Based on the inconsistent benefit in recent trial data and potential for adverse effects, it is concluded that there remains insufficient evidence for vitamin A, C, or E, singly or in combination, for prevention of cardiovascular events in a general population at risk. Study of the therapeutic potential of alternative members of the retinoid and tocopherol family of compounds, as well as genotype‐targeted therapy, offers interesting avenues for continued research.

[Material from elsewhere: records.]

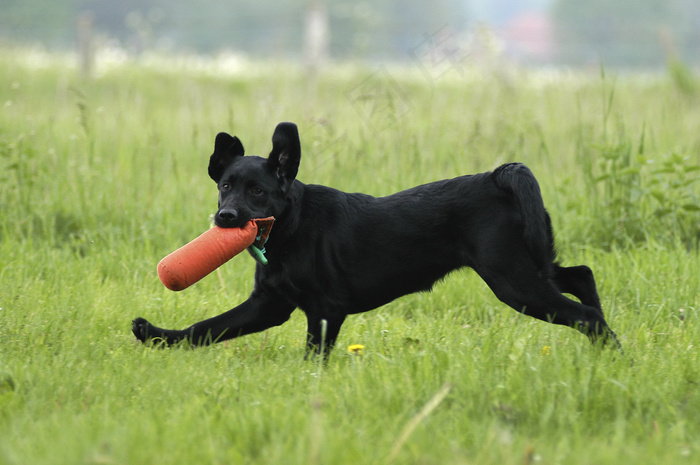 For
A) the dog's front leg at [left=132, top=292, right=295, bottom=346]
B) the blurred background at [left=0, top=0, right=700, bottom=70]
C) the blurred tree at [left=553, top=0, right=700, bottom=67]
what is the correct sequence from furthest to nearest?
the blurred tree at [left=553, top=0, right=700, bottom=67], the blurred background at [left=0, top=0, right=700, bottom=70], the dog's front leg at [left=132, top=292, right=295, bottom=346]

Combination Multivitamins and Cardiovascular Events

In an attempt to exploit the possibility that it is specific combinations of vitamins rather than 1 individual supplement alone that holds the key to potential cardiovascular benefit, a number of proprietary brands of multivitamins are marketed, each purporting various health benefits. The PHS‐II group published one of the only 3 large‐scale RCTs currently available from the last decade involving the effect of a multivitamin on cardiovascular outcomes.1 In the trial, 14 641 male physicians were randomized to receive a common brand of multivitamin vs placebo and were followed for a median of 11 years. At the completion of follow‐up, there was no between‐group difference in major cardiovascular events, total MI, total stroke, cardiovascular death, or overall mortality. There was a reduction in total death from MI, which appeared to be driven by an observed reduction in fatal MI in those patients without an antecedent history of CVD. The authors suggest that the observed effect was due to chance, due to the low number of said events. This argument parallels the conclusions of the Supplementation in Vitamins and Mineral Antioxidants Study (SU.VI.MAX.) investigators, who noted a non‐statistically significant trend toward an increased incidence of ischemic CVD in women who received a multivitamin supplement.2 The recently published results from the multivitamin arm of the Trial to Assess Chelation Therapy (TACT) trial also showed no benefit of a particular combination of vitamins and minerals in preventing recurrent MI, stroke, hospitalization for angina, or need for revascularization in patients with a history of prior MI.52

Combination Multivitamins and Cardiovascular Events

The authors of this review agree with the findings of a recent review by Rembold et al53 and those of Fortmann et al, who cited 2 of the above studies as part of their recommendation to the US Preventive Services Task Force against routine multivitamin and mineral supplementation for the prevention of cardiovascular events.54

Conclusion and Future Directions

Despite the mostly negative findings of multiple trials at this point in time, considerable opportunities for investigation remain in the search for those populations that might benefit from specific vitamin supplements for CVD prevention. At this time, however, despite observational data to the contrary, the overall weight of the evidence does not support routine vitamin supplementation for prevention of cardiovascular events for most individuals in the US population.

The authors have no funding, financial relationships, or conflicts of interest to disclose.